Ele não tem perfil especulativo, uma vez que suas posições nas empresas
são bastante antigas. Antonelli afirma que empresas de capital misto, como
Eletrobras e Petrobras, sofrem os efeitos da instabilidade política, o que
pode trazer possibilidades de entrar em um investimento a um bom preço.
“Isso se torna uma oportunidade de investimento para aqueles que
acreditam no Brasil e nas empresas. O Sr. Abdalla é comprador”, reitera o
advogado.
A sede do Banco Clássico, que abriu as portas em 1989, fica na tradicional
Avenida Presidente Vargas, no centro do Rio de Janeiro. Por coincidência, o
local é bastante próximo à antiga sede da Eletrobras.
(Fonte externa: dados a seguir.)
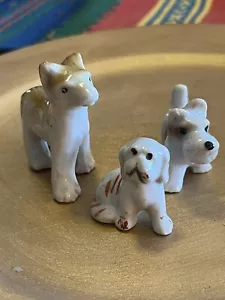 3 figuras de perro de cerámica vintage, pekinese, escocés, Japón, la más grande mide 2" de alto - Imagen 1 de 3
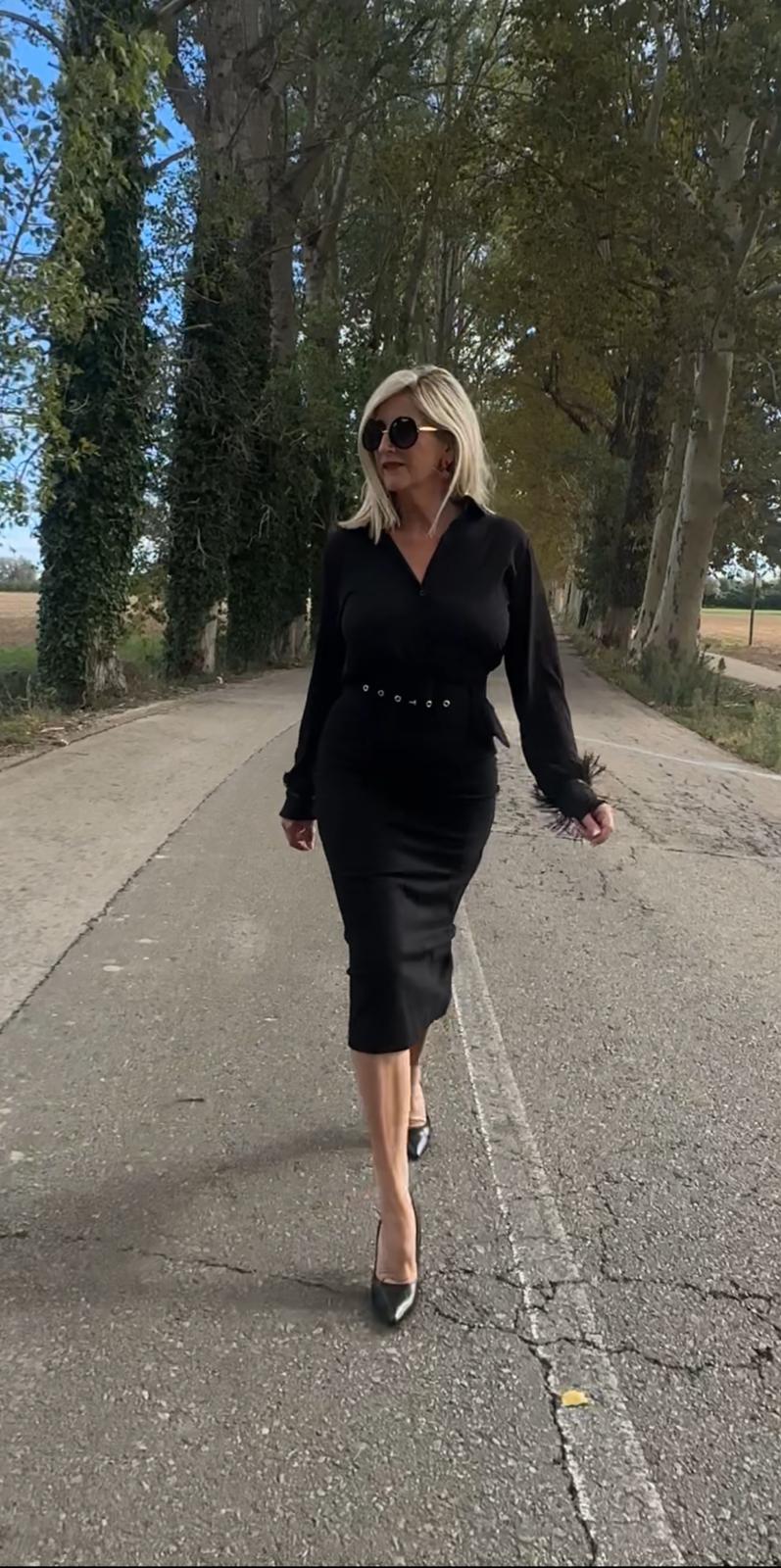 Falda Tubo Negra MANGO ZARA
No entanto, o primeiro investimento de energia que entrou na carteira de
Juca Abdalla foi da Engie. Fora desse setor, ele investe na mineradora Vale,
demonstrando seu gosto por empresas de porte e de setores tradicionais
da economia.
Vida pessoal
Solteiro, Abdalla mora no Rio de Janeiro, no bairro de Ipanema. Apesar da
fortuna, seu apartamento não é à beira-mar. Quem o conhece diz que é um
homem de poucos hobbies, fora os investimentos. Vive distante dos luxos
tradicionais proporcionados pelo dinheiro. Dirige, por exemplo, um Suzuki
Jimny (jipe que custa hoje a partir de R$ 137 mil), carro que substituiu seu
Up, da Volkswagen. “Ele deu um ‘upgrade’”, brinca um conhecido.
Entre banqueiros e empresários, muitos já ouviram falar do empresário,
mas poucos o viram pessoalmente. Mesmo entre os conselheiros da
Petrobras, que passou a interagir, a leitura é de que ainda é difícil de opinar,
já que só foram três reuniões do grupo desde sua eleição.
Por isso, ele é considerado quase como uma figura folclórica no mercado.
Nas empresas em que investe, geralmente os executivos lidavam com um
diretor do Banco Clássico, José Pais Rangel, ex-funcionário do Banco
Central. Rangel, porém, faleceu recentemente em decorrência da covid-19.
Origem da fortuna
Juca Abdalla é apontado como o detentor da 15.ª maior fortuna do País,
estimada em R$ 13 bilhões, à frente de nomes conhecidos como Abílio Diniz
e Rubens Ometto. Na lista global da revista, ele está na 1.096.ª posição.
Sua fortuna teve origem com a herança vinda do pai, JJ (de João José)
Abdalla, industrial de descendência árabe, morto em 1988. JJ atuava em
segmentos como metalurgia e cana-de-açúcar e colecionou ações
trabalhistas na Justiça. Além de atuar na indústria, também abriu seu
próprio banco, batizado de Banco Interestadual, e foi sócio do Comind.
Também atuou na política, sendo prefeito de Birigui (SP), além de vereador
e deputado.
A herança deixada pelo pai, porém, deu um salto nas mãos de Juca. Nos
anos 1990, recebeu uma indenização bilionária – de cerca de R$ 2,5 bilhões
– pela desapropriação de um terreno em São Paulo, onde hoje está o
Parque Villa-Lobos, na zona oeste da cidade.